Records contained in a dataset:
************

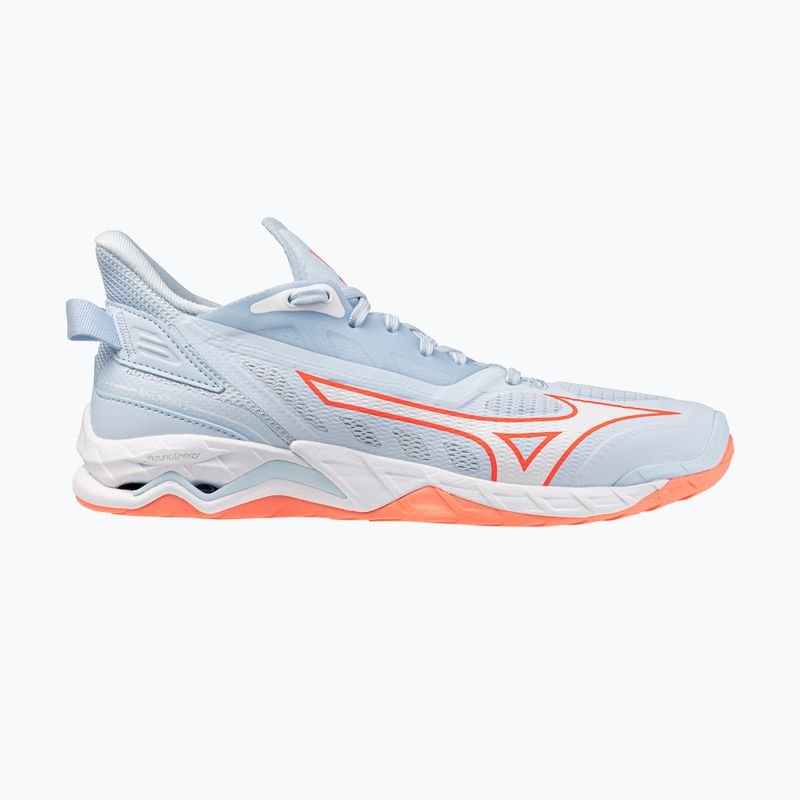 Scarpe da pallamano donna Mizuno Wave Mirage 5 blue finch/white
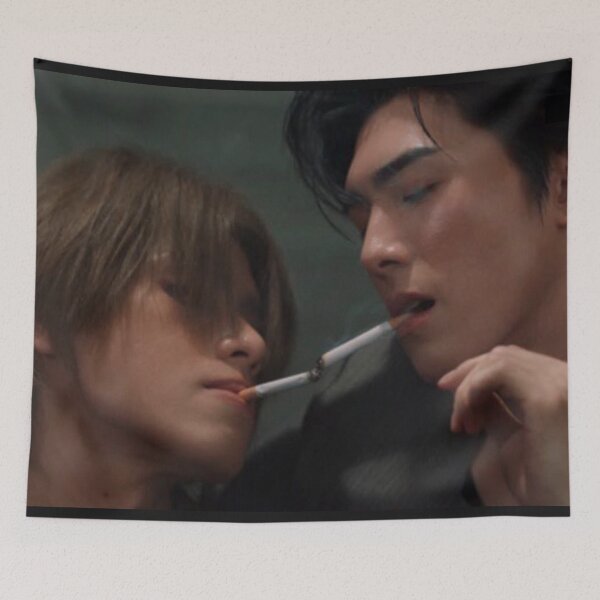 Item preview, TOP FORM the series BL Jin Akin Smart Boom Thai drama Lakorn Yaoi designed and sold by Kpop-Noona.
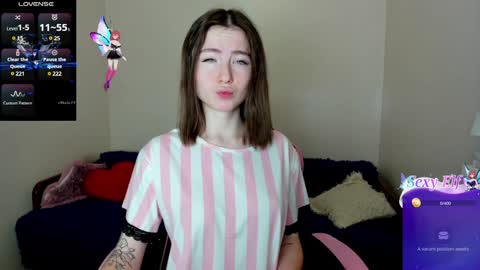 sweets_alma online show from January 2025 06:16:01 AM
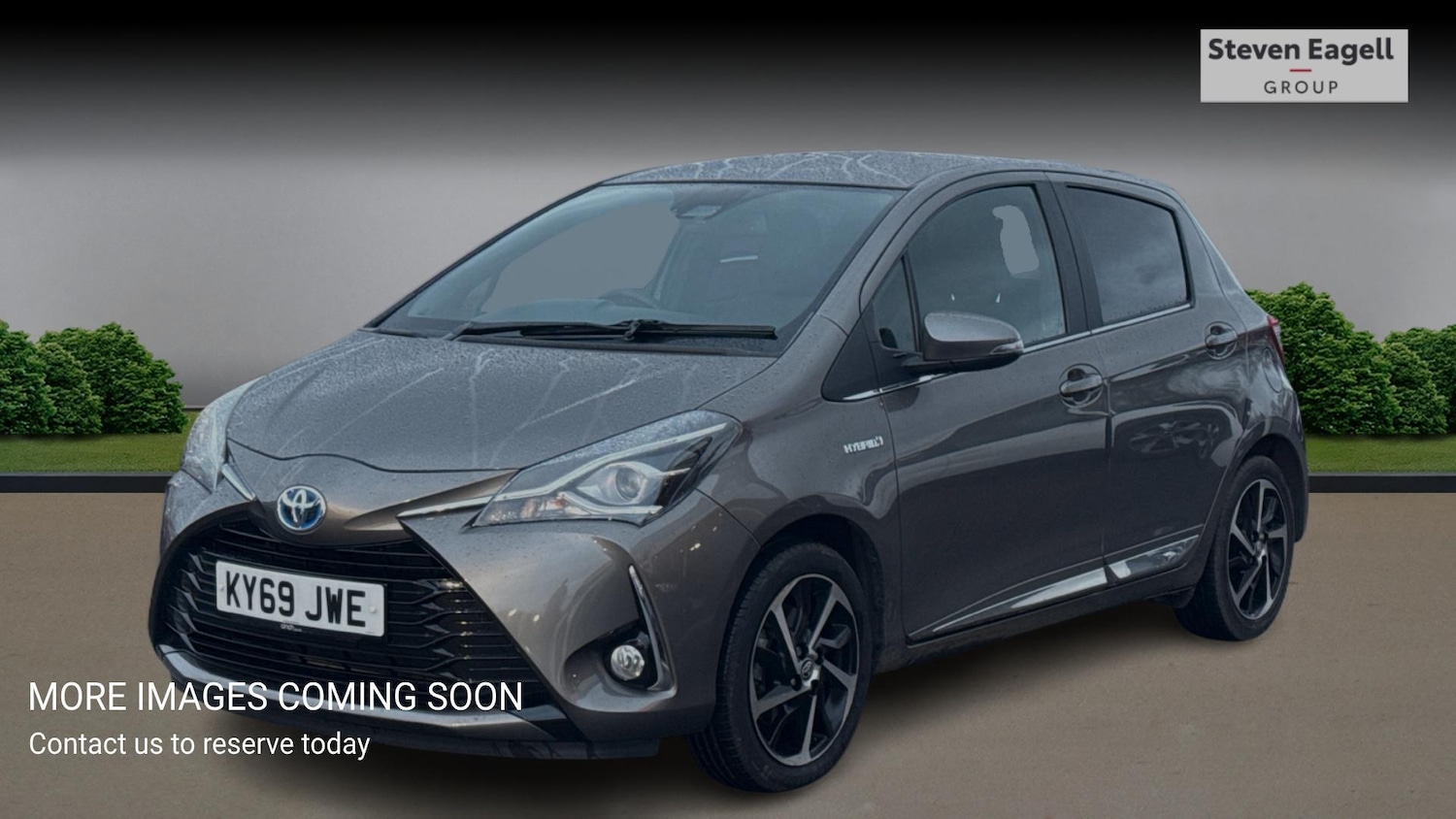 Used Toyota Yaris 2019 for sale - 77624921: Photo 3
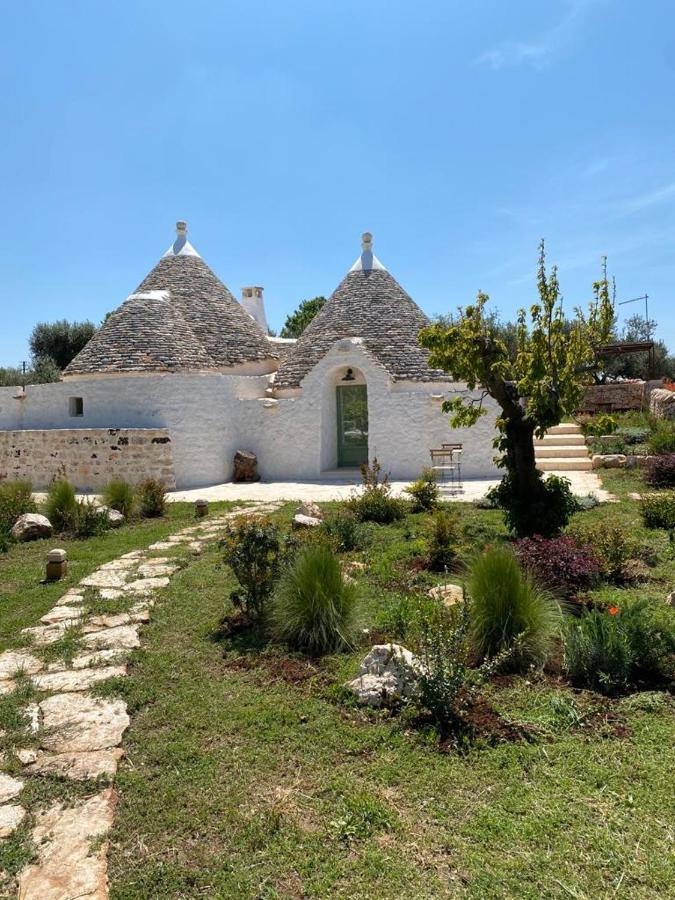 Dimora Iconica Vila Locorotondo Exterior foto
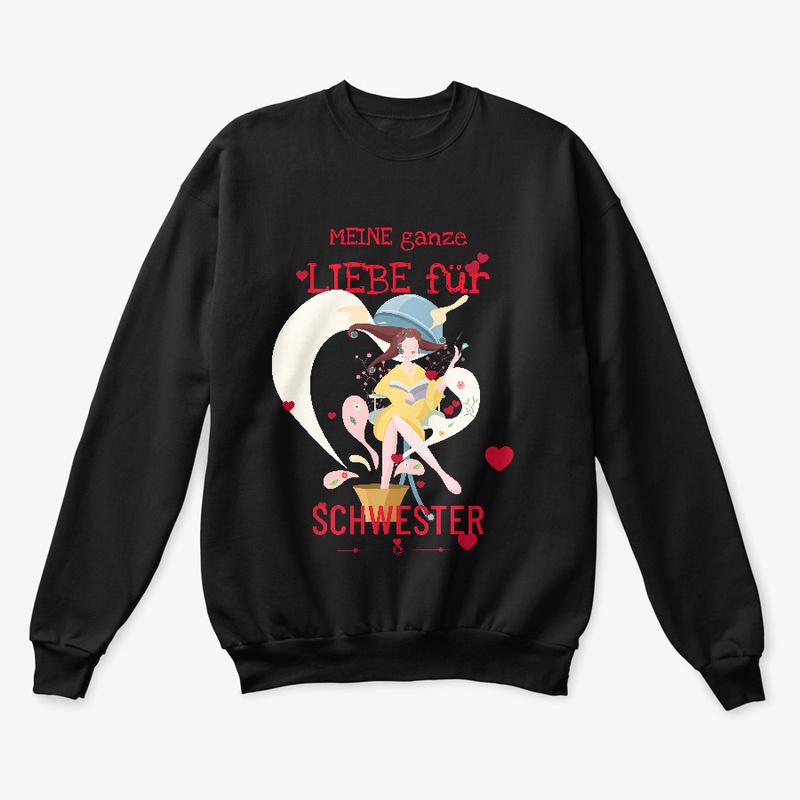 Meine Ganze Liebe Für Schwester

************

> **WORK ORDER**: Repeat every line of the data above exactly, but drop the pictures.

> **RESULT OF THE EXERCISE**:
 Scarpe da pallamano donna Mizuno Wave Mirage 5 blue finch/white
 Item preview, TOP FORM the series BL Jin Akin Smart Boom Thai drama Lakorn Yaoi designed and sold by Kpop-Noona.
 sweets_alma online show from January 2025 06:16:01 AM
 Used Toyota Yaris 2019 for sale - 77624921: Photo 3
 Dimora Iconica Vila Locorotondo Exterior foto
 Meine Ganze Liebe Für Schwester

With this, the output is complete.